I made love on the sly to a young medical student when I was nineteen and in college. It was all that I dreamed of. God, it was bliss. It was like going to heaven or how I imagined going to heaven would feel. It was passionate and crazed, and I learned that my young body could bend and turn in ways I never thought possible. We made love in the wildest of places: closets, empty classrooms, in a park near campus late at night, and once in one of the medical school’s laboratories with cadavers in the refrigerated room next door. I laughed later, thinking it was a kind of anatomy class for him, and wondered how in the world I didn’t get pregnant. But he was near the end of his formal studies and went back to New York to fulfill his residency. He did not ask me to marry him, and I did not presume that I could ask him. I was supposed to wait to be asked. I was supposed to be a good girl—unassuming and sweet, just like my name.
My father died just before I met John. A burst blood vessel, the doctor said, or more accurately now, a cerebral hemorrhage. He was found slumped over his large banker’s desk with blood coming out of his nose and mouth. I imagined my father looking at accounts and concentrating on balances when that small explosion in his brain suddenly made the world go dark for him, and then nothing. I cried for so long that my mother couldn’t stand it anymore and yelled at me. Then I grieved silently. I think there were women privately crying all over Milwaukee. That was an odd comfort to me. Whatever my father’s sins may have been, seeking love was not one of them. If my mother would not mourn him, then his daughter and all his lovers would.

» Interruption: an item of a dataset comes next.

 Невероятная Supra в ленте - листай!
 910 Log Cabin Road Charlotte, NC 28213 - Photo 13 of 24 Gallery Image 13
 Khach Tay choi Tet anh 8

I was so vulnerable when I met John. He promised to renew my dreams and ambitions, and I believed him.
The funny thing is, John wanted the dream of a farm, but it didn’t want him. He never caught on to the basic idea of living a rural life: that it took patience. He expected instant success and when it didn’t happen, when the boys and I couldn’t provide it, his disappointment came crashing down on us. It enraged him, I th
ink, that I provided all our vegetables from the garden, eggs and chickens from our coop, and that I excelled at those things. And that Jimmy, not he, provided so much fish and meat for our freezer.
I realized I hadn’t really fallen in love with John. What I had fallen in love with was a uniform, for what I thought it stood for: someone to protect me, someone with respect and honor, and someone who was brave and who respected freedom. My freedom. I stumbled for years, thinking that he had to know he was hurting me and hurting our sons. I had been taught to believe that every person has an inherent sense of remorse or a conscience. But in time I found out that one-dimensional people can often act three-dimensional when they are in pursuit of something. When they get what they want, they settle back down into their shallow personalities and do ugly and shallow things.
After that our life together began its slow descent except for the two times I gave birth. My mother refused to hear of my unhappiness just as she refused to acknowledge her own. She was as clichéd in her statements as any staunch Catholic mother of her time could be.
“You were married in the church. You took a vow,” she said venomously, clearly happy that her daughter had done even worse than she had and would suffer the same fate of going without love. “There is no going back. Just make the best of it.”
My generation of women was never told what to do if the marriage went bad. We were the new generation, the progressive generation just after World War II. Marriages were not supposed to go bad for us.
We still had some feelings toward each other when Jimmy was conceived. But I’m not sure how Bill happened. A drunken roll over the top of my body one night when I was asleep? Bill was certainly not conceived in love, although I adored both my sons from the moment they were born, considering them the only worthwhile things that ever came out of my husband. I looked at my husband after Bill was born and realized that he was no longer handsome, no longer lovable in any way.